The Building Regulations establish accepted standards for the design and construction of buildings for:

  • the health and safety of people in and around buildings
  • energy conservation
  • access to buildings.

Who must comply with the Building Regulations?

The responsibility for compliance usually falls on the builder. However, this should be agreed by the parties to the construction project at the start of negotiations.

Moreover, the building owner is ultimately the person who may be served with an enforcement notice if the work is not compliant with the Regulations.

What type of building work must comply with the Building Regulations?

A number of building projects constitute ‘building work’ and, as such, must comply with the Building Regulations.

Regulation 3 of the Building Regulations defines ‘building work’ as:

  • the erection (or extension) of a building
  • the installation (or extension) of a service or fitting controlled by the Regulations
  • an ‘alteration project’ consisting of work that temporarily or permanently affects the continued compliance of the building, service or fitting with requirements relating to structure, fire or access to (and use of) the buildings
  • the placement of insulation into a cavity wall
  • the underpinning of the building foundations.

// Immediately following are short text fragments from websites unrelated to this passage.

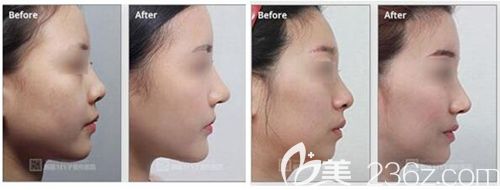 韩国MVP鼻部整形手术案例 韩国MVP鼻部整形手术案例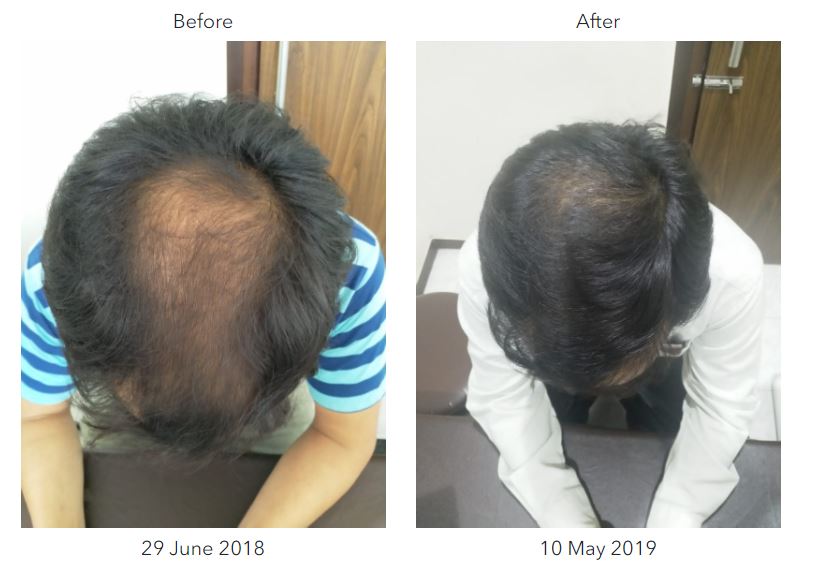 Vedic Chikitsa - Latest update - Hair Fall Ayurvedic Treatment In Bangalore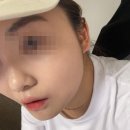 디자인300 | 울쎄라 효과 300샷 후기 통증부터 턱선 변화까지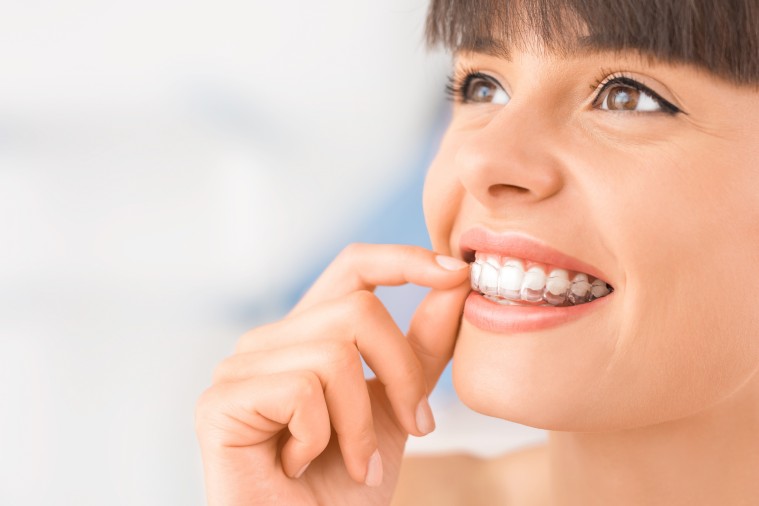 ¿En qué casos se usa la ortodoncia invisalign?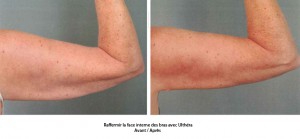 Ultherapy avant apres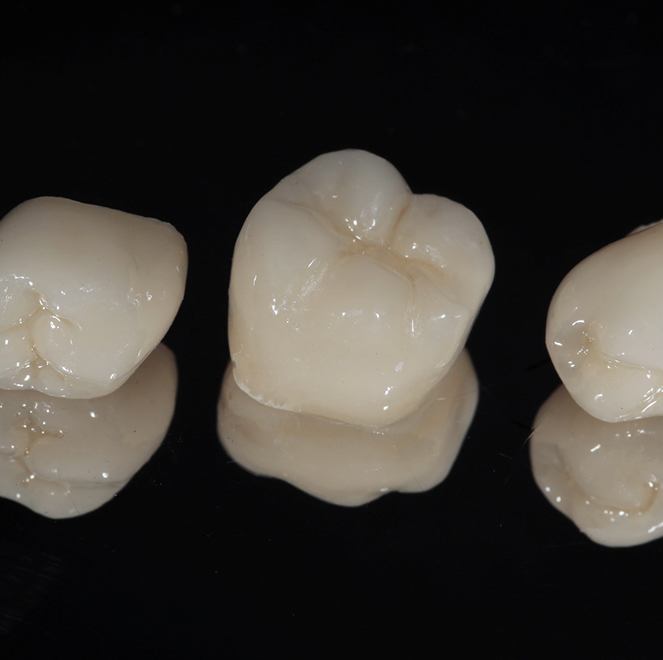 Three porcelain dental crowns sitting on a reflective surface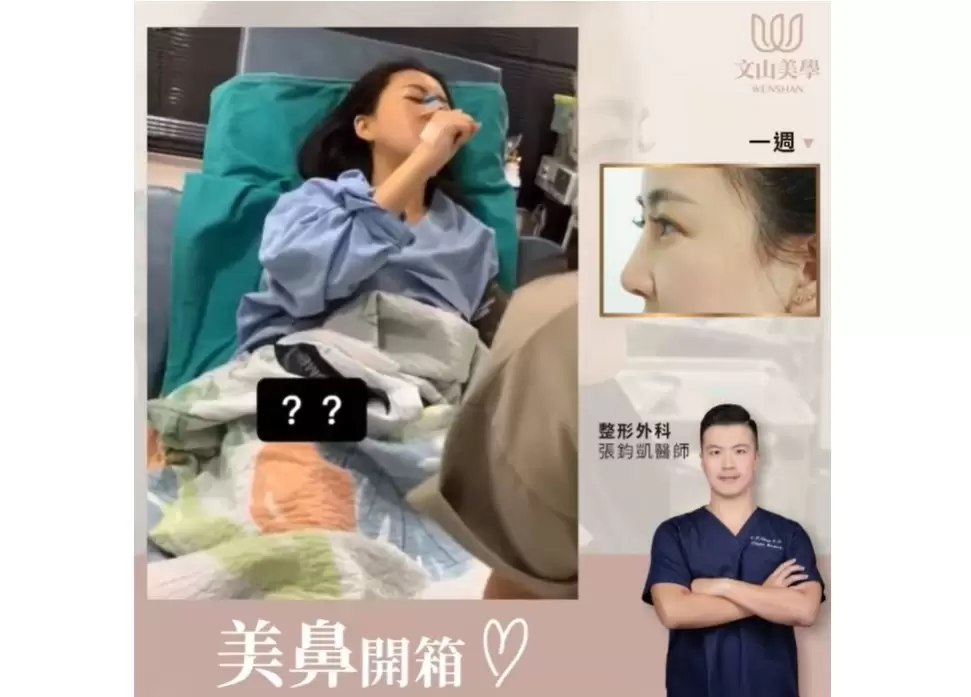 美鼻開箱漏網鏡頭 高雄整形外科張鈞凱醫師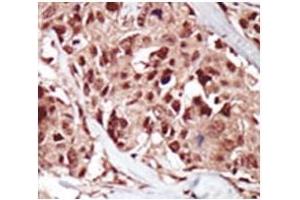 IHC analysis of FFPE human breast carcinoma tissue stained with the BRD4 antibody (BRD4 Antikörper  (AA 1-30))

All works should not render fabric, services and fittings less compliant (or more dangerous) than they were previously.

What do the Building Regulations cover?

Schedule 1 to the Building Regulations exhaustively list the requirements with which building work should comply:

  • Part A – Structure
  • Part B – Fire safety
  • Part C – Site preparation and moisture resistance
  • Part D – Toxic substances
  • Part E – Resistance to sound passage
  • Part F – Ventilation
  • Part G – Hygiene
  • Part H – Drainage and waste disposal
  • Part J – Combustion appliances and fuel storage systems
  • Part K – Protection from falling, collision and impact
  • Part L – Conservation of fuel and power
  • Part M – Access to and use of buildings
  • Part N – Glazing – safety in connection with impact, opening and cleaning
  • Part P – Electrical safety.

The requirements in Schedule 1 are often referred to as ‘functional requirements’ and make reference to what is ‘reasonable’, ‘adequate’ or ‘appropriate’.